Analysts say the Government has been forced to sweeten the sale of Genesis Energy in a bid to increase the appetite for its fourth and final asset sale.
Potential Genesis investors are being offered a lower than expected share price, more bonus shares and a bigger dividend yield than the previous power companies put up for sale.
Genesis Energy shares are being offered for between $1.35 and $1.65, which gives the company a lower than expected market value of between $1.35 billion and $1.65 billion.
Investors will get one bonus share for every 15 they buy - more than Mighty River Power investors.
Meanwhile, Genesis is offering a gross dividend yield of between 13.5 and 16.5 percent in 2015, much higher than the 9 percent offered by Mighty River, Meridian or Contact Energy.
Finance Minister Bill English admits demand may be low for Genesis shares and the offer structure has been shaped by lessons learned from the previous asset sales.
Devon Funds Management analyst Phill Anderson said the Government would want to make sure it presents an attractive offer.
He said they have had to discount Genesis because the poor performance of Mighty River in particular since it was listed has put off a lot of retail investors.
Mr Anderson said to generate demand for Genesis the Government has had to use price and offer something that is hard to say no to.
This time round, investors will also know the final offer price before they buy shares.
Milford Asset Management executive director Brian Gaynor said the whole deal was structured to sell and was much more effective.

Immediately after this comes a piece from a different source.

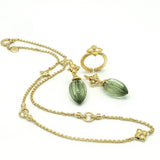 Prasiolith Tropfen Hänger vergoldet I STEINLINS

An example was the one for 15 share bonus if shares are held for 12 months compared to Mighty River Power's a one for 25 bonus if shares were held for two years.
Mr English said a more user-friendly investment statement, tailored especially to retail investors, had been issued alongside the more detailed prospectus for professional investors, which he hoped will also encourage people to buy shares.
The final offer price and how much of the company will be sold will be announced on 28 March.